((

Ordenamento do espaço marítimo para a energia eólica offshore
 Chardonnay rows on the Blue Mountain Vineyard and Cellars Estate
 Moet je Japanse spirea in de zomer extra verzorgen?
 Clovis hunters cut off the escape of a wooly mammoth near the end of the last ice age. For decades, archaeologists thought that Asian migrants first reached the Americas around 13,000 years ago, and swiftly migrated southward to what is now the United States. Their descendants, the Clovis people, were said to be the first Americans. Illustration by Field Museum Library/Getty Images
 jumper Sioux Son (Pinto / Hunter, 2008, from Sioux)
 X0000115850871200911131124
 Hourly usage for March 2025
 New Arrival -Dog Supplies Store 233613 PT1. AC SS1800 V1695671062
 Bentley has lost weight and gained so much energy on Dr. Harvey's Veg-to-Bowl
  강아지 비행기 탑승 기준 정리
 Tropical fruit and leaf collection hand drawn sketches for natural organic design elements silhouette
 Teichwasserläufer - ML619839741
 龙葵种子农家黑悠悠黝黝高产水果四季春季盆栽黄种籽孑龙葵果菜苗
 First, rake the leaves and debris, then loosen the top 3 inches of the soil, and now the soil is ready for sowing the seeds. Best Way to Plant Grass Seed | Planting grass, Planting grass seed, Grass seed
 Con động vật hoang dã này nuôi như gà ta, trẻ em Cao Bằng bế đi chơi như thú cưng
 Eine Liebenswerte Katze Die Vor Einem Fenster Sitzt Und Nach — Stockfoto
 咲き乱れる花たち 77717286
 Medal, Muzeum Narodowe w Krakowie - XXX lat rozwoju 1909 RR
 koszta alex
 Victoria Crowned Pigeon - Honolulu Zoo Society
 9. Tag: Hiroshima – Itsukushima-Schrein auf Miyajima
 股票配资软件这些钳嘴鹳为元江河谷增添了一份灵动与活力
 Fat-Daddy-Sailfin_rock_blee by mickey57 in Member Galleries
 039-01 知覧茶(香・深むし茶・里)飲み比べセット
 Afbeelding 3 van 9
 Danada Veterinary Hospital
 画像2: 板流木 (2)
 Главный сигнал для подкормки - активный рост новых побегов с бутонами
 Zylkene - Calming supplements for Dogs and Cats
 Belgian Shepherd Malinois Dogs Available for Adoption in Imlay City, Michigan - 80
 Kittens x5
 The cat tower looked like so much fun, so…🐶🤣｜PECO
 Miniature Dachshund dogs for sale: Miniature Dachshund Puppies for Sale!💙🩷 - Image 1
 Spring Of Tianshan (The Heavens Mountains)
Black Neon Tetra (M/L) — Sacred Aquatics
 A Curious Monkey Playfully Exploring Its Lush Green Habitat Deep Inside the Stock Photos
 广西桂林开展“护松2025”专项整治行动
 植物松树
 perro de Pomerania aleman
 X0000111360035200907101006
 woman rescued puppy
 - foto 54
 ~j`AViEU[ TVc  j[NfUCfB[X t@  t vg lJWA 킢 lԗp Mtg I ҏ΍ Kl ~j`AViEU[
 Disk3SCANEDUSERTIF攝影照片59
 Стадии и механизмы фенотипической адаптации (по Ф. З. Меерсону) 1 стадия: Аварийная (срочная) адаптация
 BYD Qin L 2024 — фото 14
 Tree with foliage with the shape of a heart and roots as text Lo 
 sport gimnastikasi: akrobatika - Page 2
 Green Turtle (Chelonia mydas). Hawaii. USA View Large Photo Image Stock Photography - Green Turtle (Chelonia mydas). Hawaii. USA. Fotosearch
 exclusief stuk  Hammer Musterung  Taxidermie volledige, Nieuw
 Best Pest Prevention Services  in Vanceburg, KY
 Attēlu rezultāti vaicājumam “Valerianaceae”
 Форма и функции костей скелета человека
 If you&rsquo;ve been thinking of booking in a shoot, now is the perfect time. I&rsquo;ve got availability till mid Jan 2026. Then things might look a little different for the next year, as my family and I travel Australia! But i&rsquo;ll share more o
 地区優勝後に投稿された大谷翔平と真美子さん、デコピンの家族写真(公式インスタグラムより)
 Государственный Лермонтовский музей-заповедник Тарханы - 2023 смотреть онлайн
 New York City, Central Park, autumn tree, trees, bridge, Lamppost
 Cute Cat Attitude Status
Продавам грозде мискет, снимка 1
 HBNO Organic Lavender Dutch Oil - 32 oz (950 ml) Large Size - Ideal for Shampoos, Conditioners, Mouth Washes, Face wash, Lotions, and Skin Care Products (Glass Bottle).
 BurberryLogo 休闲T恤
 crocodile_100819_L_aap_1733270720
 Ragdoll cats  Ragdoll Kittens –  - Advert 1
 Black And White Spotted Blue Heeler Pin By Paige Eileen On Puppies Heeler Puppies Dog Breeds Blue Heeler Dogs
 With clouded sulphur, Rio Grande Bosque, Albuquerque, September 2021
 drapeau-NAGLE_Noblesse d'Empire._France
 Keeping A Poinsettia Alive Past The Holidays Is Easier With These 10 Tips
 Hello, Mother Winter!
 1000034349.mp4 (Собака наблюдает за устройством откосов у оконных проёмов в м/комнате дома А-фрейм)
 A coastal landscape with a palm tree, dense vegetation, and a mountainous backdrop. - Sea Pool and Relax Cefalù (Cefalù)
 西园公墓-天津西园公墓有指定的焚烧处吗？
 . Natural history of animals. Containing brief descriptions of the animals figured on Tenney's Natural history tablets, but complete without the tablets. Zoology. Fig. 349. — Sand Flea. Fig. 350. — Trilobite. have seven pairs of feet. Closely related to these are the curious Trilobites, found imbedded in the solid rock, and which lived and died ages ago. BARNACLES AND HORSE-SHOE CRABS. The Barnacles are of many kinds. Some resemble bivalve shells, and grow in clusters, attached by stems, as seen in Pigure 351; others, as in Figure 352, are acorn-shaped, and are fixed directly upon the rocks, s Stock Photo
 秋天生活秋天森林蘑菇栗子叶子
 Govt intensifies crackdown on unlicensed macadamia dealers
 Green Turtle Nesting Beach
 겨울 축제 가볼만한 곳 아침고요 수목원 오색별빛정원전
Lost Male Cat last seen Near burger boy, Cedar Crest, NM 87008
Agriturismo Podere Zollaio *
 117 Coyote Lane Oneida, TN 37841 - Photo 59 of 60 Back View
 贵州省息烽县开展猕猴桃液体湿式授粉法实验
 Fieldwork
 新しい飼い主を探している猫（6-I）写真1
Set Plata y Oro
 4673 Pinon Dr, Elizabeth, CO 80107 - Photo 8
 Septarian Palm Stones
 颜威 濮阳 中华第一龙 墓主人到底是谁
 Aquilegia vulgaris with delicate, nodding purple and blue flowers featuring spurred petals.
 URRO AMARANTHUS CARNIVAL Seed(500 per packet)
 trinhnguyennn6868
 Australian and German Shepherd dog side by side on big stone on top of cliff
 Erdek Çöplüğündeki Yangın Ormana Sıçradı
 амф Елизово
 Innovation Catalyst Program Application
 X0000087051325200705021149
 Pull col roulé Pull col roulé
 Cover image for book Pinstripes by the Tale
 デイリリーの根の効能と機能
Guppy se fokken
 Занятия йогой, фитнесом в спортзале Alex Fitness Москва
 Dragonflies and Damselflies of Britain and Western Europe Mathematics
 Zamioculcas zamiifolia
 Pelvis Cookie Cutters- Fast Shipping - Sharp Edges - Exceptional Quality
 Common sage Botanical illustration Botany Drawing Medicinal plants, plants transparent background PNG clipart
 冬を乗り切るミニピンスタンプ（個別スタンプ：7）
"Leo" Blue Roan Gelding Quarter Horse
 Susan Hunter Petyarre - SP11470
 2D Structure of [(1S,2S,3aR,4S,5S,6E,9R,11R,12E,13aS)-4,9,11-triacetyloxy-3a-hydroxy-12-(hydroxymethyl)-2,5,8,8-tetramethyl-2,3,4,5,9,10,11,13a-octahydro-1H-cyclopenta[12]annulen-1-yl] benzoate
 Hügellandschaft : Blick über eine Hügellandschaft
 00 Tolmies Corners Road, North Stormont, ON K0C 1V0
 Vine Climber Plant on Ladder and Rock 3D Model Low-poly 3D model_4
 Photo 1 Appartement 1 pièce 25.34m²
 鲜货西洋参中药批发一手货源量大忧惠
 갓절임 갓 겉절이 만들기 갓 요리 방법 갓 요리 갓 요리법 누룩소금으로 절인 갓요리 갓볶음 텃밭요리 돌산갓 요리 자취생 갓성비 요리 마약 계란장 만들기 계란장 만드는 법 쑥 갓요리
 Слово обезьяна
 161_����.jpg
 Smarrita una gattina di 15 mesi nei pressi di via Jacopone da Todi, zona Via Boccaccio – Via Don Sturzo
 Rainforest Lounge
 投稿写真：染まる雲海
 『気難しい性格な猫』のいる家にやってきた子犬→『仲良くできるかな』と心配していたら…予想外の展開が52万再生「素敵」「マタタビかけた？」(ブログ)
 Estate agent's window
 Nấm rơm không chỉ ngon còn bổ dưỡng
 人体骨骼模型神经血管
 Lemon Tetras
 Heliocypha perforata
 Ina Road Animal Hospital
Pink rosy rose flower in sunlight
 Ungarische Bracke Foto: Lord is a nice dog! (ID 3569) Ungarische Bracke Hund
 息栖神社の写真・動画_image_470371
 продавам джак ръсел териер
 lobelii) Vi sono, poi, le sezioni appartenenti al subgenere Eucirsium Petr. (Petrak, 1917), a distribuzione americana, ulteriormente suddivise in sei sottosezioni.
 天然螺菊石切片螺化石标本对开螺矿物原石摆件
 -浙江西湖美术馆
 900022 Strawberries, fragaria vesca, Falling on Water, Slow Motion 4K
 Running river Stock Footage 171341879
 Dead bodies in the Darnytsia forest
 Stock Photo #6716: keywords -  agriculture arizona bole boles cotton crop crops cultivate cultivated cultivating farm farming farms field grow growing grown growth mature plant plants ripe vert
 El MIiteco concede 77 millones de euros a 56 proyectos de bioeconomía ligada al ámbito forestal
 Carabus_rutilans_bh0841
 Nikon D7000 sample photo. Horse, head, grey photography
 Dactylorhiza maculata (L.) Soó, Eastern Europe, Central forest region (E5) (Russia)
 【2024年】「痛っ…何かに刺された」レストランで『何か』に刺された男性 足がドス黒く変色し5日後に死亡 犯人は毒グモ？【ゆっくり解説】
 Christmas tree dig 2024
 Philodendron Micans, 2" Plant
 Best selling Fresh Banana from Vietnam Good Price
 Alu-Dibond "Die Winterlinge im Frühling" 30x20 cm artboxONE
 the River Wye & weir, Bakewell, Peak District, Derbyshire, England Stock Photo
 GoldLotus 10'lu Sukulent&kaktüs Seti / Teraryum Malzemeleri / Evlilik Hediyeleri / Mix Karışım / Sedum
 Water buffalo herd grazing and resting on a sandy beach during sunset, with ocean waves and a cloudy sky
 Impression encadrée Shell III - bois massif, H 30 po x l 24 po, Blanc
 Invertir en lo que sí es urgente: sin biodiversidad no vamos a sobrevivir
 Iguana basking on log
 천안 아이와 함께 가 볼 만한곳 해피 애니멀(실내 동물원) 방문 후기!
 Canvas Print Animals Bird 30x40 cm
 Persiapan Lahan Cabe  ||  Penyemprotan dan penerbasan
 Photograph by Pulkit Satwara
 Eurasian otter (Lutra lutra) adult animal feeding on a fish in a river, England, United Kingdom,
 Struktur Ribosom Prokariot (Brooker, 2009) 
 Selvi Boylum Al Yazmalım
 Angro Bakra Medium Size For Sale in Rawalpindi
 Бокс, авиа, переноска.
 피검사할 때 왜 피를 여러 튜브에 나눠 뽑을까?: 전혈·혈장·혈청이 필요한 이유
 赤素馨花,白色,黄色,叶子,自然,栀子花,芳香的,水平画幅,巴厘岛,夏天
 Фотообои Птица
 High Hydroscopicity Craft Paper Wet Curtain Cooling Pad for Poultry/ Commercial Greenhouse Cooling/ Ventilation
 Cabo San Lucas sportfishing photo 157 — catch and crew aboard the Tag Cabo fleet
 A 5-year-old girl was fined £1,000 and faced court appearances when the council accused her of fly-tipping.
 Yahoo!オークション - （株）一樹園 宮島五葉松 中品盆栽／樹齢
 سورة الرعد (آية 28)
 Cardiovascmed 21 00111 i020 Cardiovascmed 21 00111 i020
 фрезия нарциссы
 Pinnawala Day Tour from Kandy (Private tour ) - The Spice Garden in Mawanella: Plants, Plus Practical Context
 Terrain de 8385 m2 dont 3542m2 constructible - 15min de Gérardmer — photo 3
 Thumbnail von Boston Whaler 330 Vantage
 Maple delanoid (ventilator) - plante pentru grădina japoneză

))

• **Work instructions**
Starting at the line that contains "Invertir en lo", quote each remaining line of the entries above, unchanged.

• **Output below**
 Invertir en lo que sí es urgente: sin biodiversidad no vamos a sobrevivir
 Iguana basking on log
 천안 아이와 함께 가 볼 만한곳 해피 애니멀(실내 동물원) 방문 후기!
 Canvas Print Animals Bird 30x40 cm
 Persiapan Lahan Cabe  ||  Penyemprotan dan penerbasan
 Photograph by Pulkit Satwara
 Eurasian otter (Lutra lutra) adult animal feeding on a fish in a river, England, United Kingdom,
 Struktur Ribosom Prokariot (Brooker, 2009) 
 Selvi Boylum Al Yazmalım
 Angro Bakra Medium Size For Sale in Rawalpindi
 Бокс, авиа, переноска.
 피검사할 때 왜 피를 여러 튜브에 나눠 뽑을까?: 전혈·혈장·혈청이 필요한 이유
 赤素馨花,白色,黄色,叶子,自然,栀子花,芳香的,水平画幅,巴厘岛,夏天
 Фотообои Птица
 High Hydroscopicity Craft Paper Wet Curtain Cooling Pad for Poultry/ Commercial Greenhouse Cooling/ Ventilation
 Cabo San Lucas sportfishing photo 157 — catch and crew aboard the Tag Cabo fleet
 A 5-year-old girl was fined £1,000 and faced court appearances when the council accused her of fly-tipping.
 Yahoo!オークション - （株）一樹園 宮島五葉松 中品盆栽／樹齢
 سورة الرعد (آية 28)
 Cardiovascmed 21 00111 i020 Cardiovascmed 21 00111 i020
 фрезия нарциссы
 Pinnawala Day Tour from Kandy (Private tour ) - The Spice Garden in Mawanella: Plants, Plus Practical Context
 Terrain de 8385 m2 dont 3542m2 constructible - 15min de Gérardmer — photo 3
 Thumbnail von Boston Whaler 330 Vantage
 Maple delanoid (ventilator) - plante pentru grădina japoneză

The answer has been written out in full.